Cut Down if Can't Stop Smoking

A great number of medical studies illustrate the benefits of going smoke-free completely, which includes a decreased probability of health complications, higher life span, and overall increased life quality. However, health specialists recognize that getting rid of the habit altogether is usually a long and complicated road, and just a small number of smokers manage to quit.

quit smoking cigarettes

Each day, medical professionals have to deal with patients who either don’t want of cannot stop smoking, admits Vicki Myers, a senior researcher at Tel Aviv University Department of Medicine. In order to study this phenomenon, Myers together with Prof. Uri Goldbourt and Yariv Gerber from TAU’s School of Public Health, reviewed survival and lifespan rates of those smokers who cut down the number of cigarettes smoked, instead of complete smoking cessation.

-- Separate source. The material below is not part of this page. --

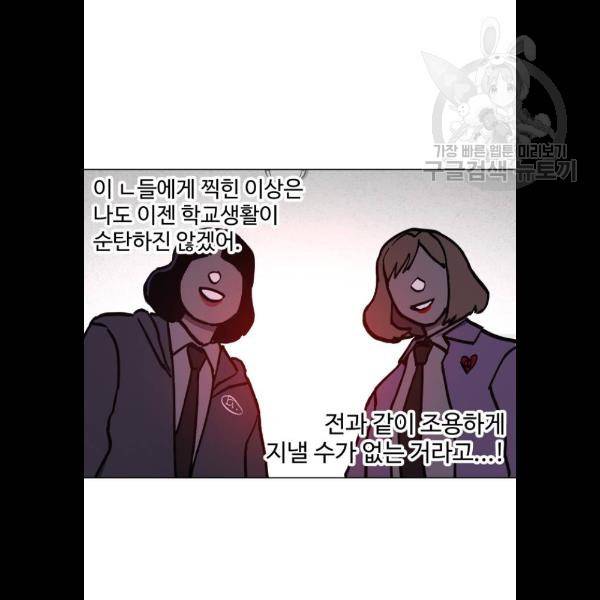 소녀재판 51화 16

The data in their research embodied uncommonly long period of more than 40 years.

Though smokers who managed to quit were confirmed to have the highest progress in fatality rates – a 22 percent lower risk of premature death, versus smokers who kept tobacco consumption. Among those smokers who reduced amount of tobacco consumed the scientists also found considerable improvements with a 15 percent lower risk.

The findings demonstrate that cutting down is an effective risk lowering strategy, Myers declared, noting that former chain smokers had the most benefit from cutting down smoking.

The study was published in the latest issue of the American Journal of Epidemiology.

Reducing smoking to live longer

To study the influence of changes in smoking patterns in the long run, the scientists used a sub-cohort of the study carried out by the Israeli Ischemic Heart Disease Foundation, including 4,633 Israeli men, all smokers, of an average age of 51 at the moment of interview.

Surveys about their smoking habits was held in 1963 and 1965, and respondents’ mortality rate was monitored for a period of about 40 years.

In the first survey, respondents were divided in categories according to the daily cigarette use— not smoking, 1-10 cigarettes, 11-20 cigarettes, and 21 cigarette and more. During the second survey, scientists checked whether respondents had increased, kept, cut down or quit smoking within two years after the first survey.

Not surprisingly, those respondents who went smoke-free posted the best results in reducing the overall mortality rates. Those who reduced smoking intensity by half, recorded a 15 percent reduction in mortality rates and 23 percent decrease in cardiovascular mortality risk.

In addition, the scientists estimated the respondents’ survival to the age of 80. Those who went smoke-free had a 33 percent higher chance of living to the age of to 80 years, and reducers saw a 22 percent higher chance.

Dr. Myers admits the study, one of a small number to take smoking decrease into consideration, demonstrates that reduction is definitely better than maintaining smoking intensity. She underlined the advantage of the long-time follow-up period in proving the beneficial effect of reduction in smoking intensity, which was not taken into account in prior studies.